Apple talks about their iLife applications a lot. They are good and all but we have acceptable alternatives for them. Providing a full Office compatible product is quite important and you don't see either bringing that up. Granted, I would love to see an application as sleek as Apple's Keynote or Pages.
They also made hardware that developers wanted to play with such as the airtunes device. Has anyone made an airtunes-like device (airport express) with just F/OSS software. I'd think that pulseaudio could do most of what is needed.
Each of the framework libraries perform a single task well. Yet, they all still integrate together. For example, an application can control external windowing animations. Say that I'm writing a book reader and when the user turns the page I want the page to actually tear off the application window and fly across the screen. This is just not possible in a practical way today. Now that X has compositor support, shouldn't it be available to the application to provide custom control? I would love to make Marina have a native newspaper interface and do exactly that. This is just an example, many facets of the system layer need fresh innovation.
There are tools to write to make our daily lives easier. Streamlining development will only make our time-to-market sooner.
How is Microsoft reacting to the marketing campaigns from Apple? They have a few failed attempts at using celebrities such as Seinfeld. But more recently, are the "Laptop Hunters" ads. These are quite funny as you will notice they get laptops that don't match what they claimed to have wanted at all. Most importantly, though, they are attacking Apple on price and trendiness. I guess they tout gaming on PC's too. Gaming, however, is a strange problem since the total market share of PC gamers relative to PC users is quite small. It's also shrinking as the Xbox, Wii, and PS3 continue to expand their coverage. Regardless, they are both beat on price.
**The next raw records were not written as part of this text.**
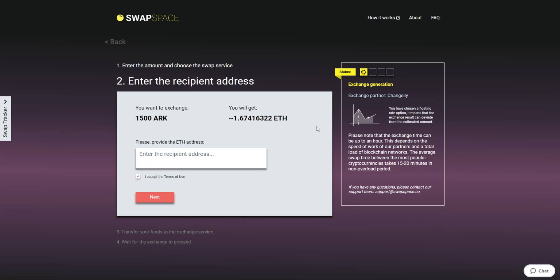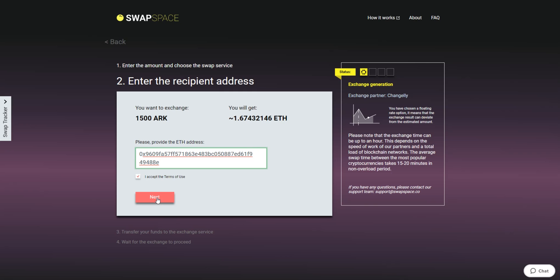On Step 2, enter the recipient ETH address where you would like to receive your Ether. Check the information carefully and make sure that everything is correct. Transactions are irreversible, and you can't get money back. If everything is fine, hit the Next button, and you will be directed to the next page.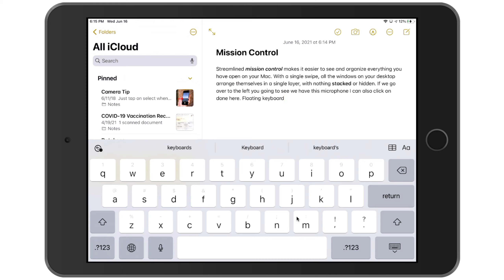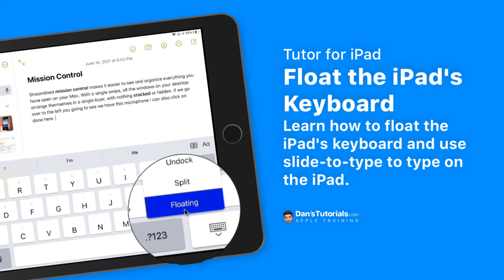So that's how we can use a floating keyboard on the iPad. All we have to do is go to the keyboard button in the lower right-hand corner, long press on it, and select floating. When we do that we get a smaller version of our keyboard and we're able to use slide to type. If I want to go back to my full-size keyboard, I just drag it down to the bottom of the iPad and it brings us back to full size.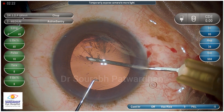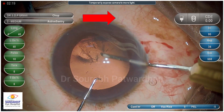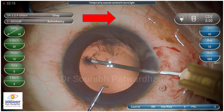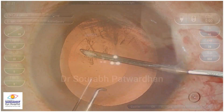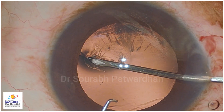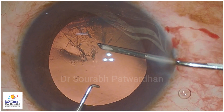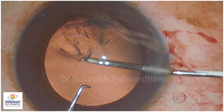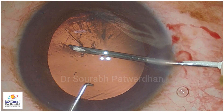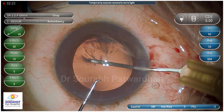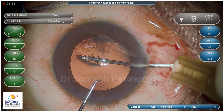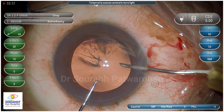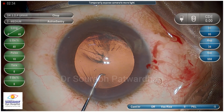After creating the initial flap, as I was about to progress, the patient moved the eye towards the opposite side, and that resulted in extending the capsular axis towards the periphery. This is the risk when you are operating on topical anesthesia, where the patient's eye movement may affect capsular axis.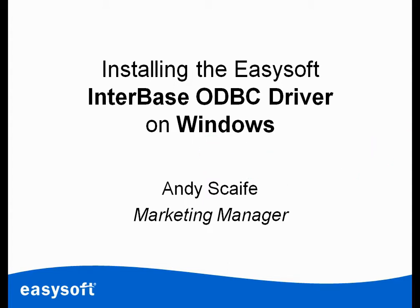Hi, it's Andy again from EasySoft Limited. Today we're going to look at installing the EasySoft Interbase ODBC driver onto Windows.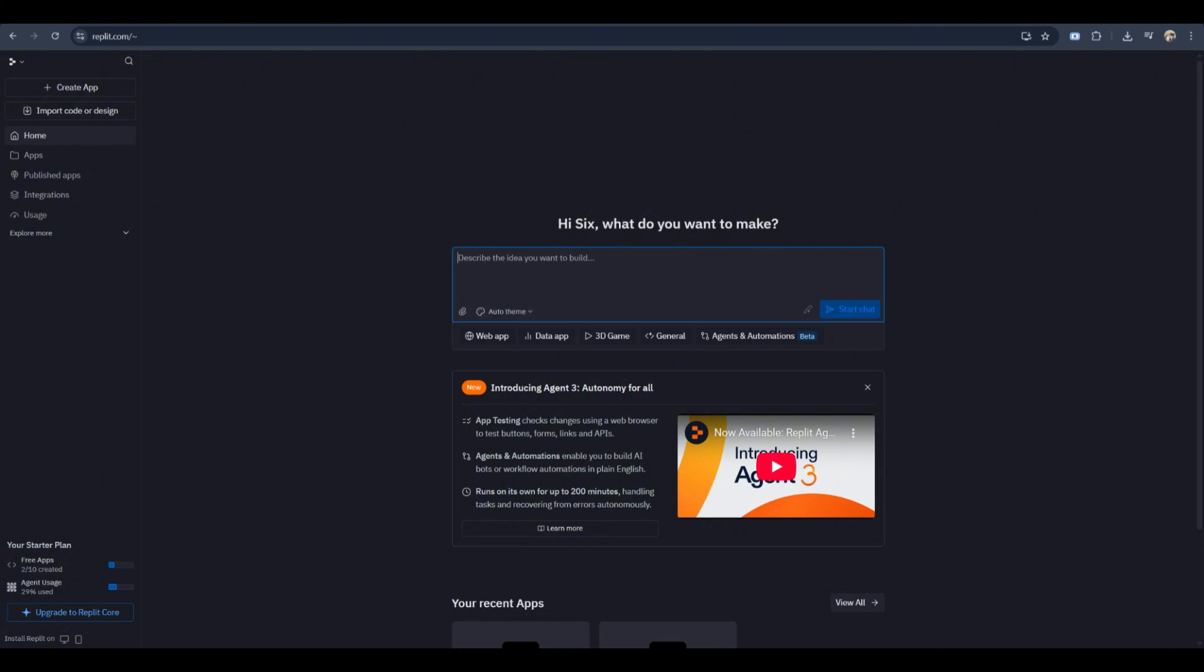For example, you can write create a Python program that checks if a number is even or odd. The AI will automatically generate the full code for you inside the editor.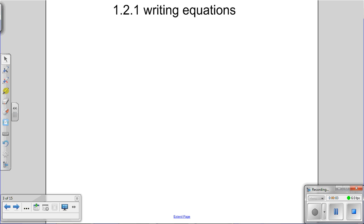This video is for Math 1, lesson 1.2.1, and this is the first video on writing equations. Our first lesson was writing expressions, so let's first talk about what equations are.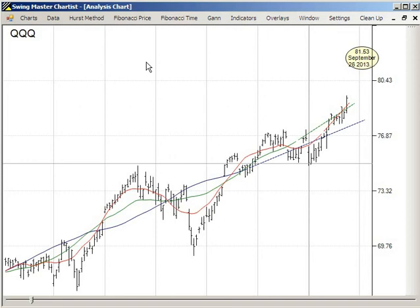Now, does that mean that the QQQ is going to go to exactly 81.53, or a little higher, a little lower? No — but if it does on September 26th, or certainly within a day or two either side of that, we're going to be very interested in looking for a trend change.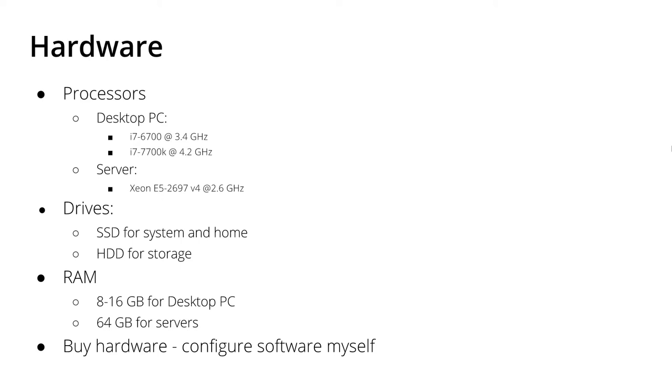For bigger cases, I prefer a server, a rack mount blade and there I really prefer Xeons and I had very good experience with the Xeon E5-2697 V4 because the performance to price ratio is very good in my opinion.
Additionally, I thought the slogan "Life without walls" was funny since without walls you can't have windows.
Many pundits, myself included, have talked about how netbooks can totally change the game. The iPhone was similar in the phone market. Do you think it would have been as successful without the developer platform and thousands of applications?
So finally, how can we replicate the positive results Apple had? What is missing from our platform today (can linuxhator kick our asses into shape)? What are our weaknesses (and how can we fix them to become strengths). What story do we have to tell developers? What do we really enjoy about our platform?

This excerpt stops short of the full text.